Testing and Characterization of Wafer-Scale MAPS Prototypes for the ALICE ITS3 Upgrade

TL;DR

This paper reports on the testing and characterization of wafer-scale MAPS prototypes, MOSS and MOST, for the ALICE ITS3 upgrade, demonstrating high efficiency, understanding failure modes, and validating stitched CMOS sensors for high-energy physics applications.

Contribution

It introduces the first use of stitched CMOS sensors in a high-energy physics experiment and provides detailed performance and yield analysis of the prototypes.

Findings

MOSS achieves approximately 76% yield per region, increasing to 98% after addressing failure modes.
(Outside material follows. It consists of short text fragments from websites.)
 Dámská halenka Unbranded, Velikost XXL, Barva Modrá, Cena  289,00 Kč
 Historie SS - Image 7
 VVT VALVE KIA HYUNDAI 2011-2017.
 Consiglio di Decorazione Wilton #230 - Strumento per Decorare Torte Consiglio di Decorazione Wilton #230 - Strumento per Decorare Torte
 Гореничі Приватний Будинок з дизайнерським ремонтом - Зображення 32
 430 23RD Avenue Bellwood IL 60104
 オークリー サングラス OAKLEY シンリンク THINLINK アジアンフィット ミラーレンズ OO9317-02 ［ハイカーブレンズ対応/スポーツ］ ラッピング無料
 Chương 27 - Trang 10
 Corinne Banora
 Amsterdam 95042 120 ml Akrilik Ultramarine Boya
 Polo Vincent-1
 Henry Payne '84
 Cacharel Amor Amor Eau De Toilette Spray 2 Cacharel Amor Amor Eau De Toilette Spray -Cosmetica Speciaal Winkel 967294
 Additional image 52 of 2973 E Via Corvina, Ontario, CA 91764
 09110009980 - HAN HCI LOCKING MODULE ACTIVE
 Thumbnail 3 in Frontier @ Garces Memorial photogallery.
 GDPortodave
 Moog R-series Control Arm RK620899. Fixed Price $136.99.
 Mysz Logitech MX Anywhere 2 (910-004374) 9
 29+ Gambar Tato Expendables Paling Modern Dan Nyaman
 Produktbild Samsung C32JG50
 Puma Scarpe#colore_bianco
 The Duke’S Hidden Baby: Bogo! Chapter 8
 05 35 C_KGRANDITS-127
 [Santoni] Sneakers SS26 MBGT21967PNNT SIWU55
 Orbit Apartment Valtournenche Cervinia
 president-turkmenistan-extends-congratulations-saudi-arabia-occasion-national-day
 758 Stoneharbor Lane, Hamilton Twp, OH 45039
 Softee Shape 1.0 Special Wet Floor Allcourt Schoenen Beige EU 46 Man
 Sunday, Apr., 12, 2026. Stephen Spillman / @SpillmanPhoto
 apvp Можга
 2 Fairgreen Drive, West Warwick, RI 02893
MOSS operates with >99% efficiency and <10^{-1} fake hits per pixel per second up to high radiation doses.

MOST demonstrates successful power gating, enabling disconnected pixel matrix sections to improve reliability.

Abstract

The ALICE experiment will upgrade the innermost three layers of its vertexing detector, the Inner Tracking System (ITS), during the next LHC Long Shutdown (LS3) with a novel, bent, ultra-light MAPS-based tracker. Six wafer-scale sensor chips will be bent into three cylinders, held in place only by carbon foam, leaving no material except for the silicon die in most of the ALICE central barrel acceptance. Two prototype ASICs, approximately $25.9\,\mathrm{cm}$ in length, called MOSS (MOnolithic Stitched Sensor) and MOST (MOnolithic Stitched sensor with Timing), have been produced. These two chips follow complementary approaches to evaluate the use of stitched CMOS sensors for the first time in an HEP experiment. This article gives an overview of powering tests, functional studies, pixel matrix characterization, and in-beam tests of both test structures. The overall yield of MOSS is measured to be approximately $76\,\%$ per region (1/80th of a chip). This number takes into account powering, as well as functional aspects such as digital and analog pulsing. Two major failure modes have been identified and understood: short in the power grid of the chip and readout issues, that can be clearly attributed to the readout architecture design. Disregarding these issues, the overall yield increases to about $98\,\%$ per region. Furthermore, it is shown that MOSS can operate with $>99\,\%$ efficiency and $<10^{-1}\,\mathrm{hits/pixel/s}$ fake-hit rate up to $4\,\mathrm{kGy}$ TID and $4\times 10^{12}\,\mathrm{1~MeV~n_{eq}~cm^{-2}}$ NIEL. The MOST prototype successfully demonstrated use of power gating, which allows for disconnected parts of the pixel matrix from the power grid in case of shorts. MOSS and MOST successfully proved that designing stitched wafer-scale sensors is feasible and deliver valuable input for the design of the final ITS3 ASIC.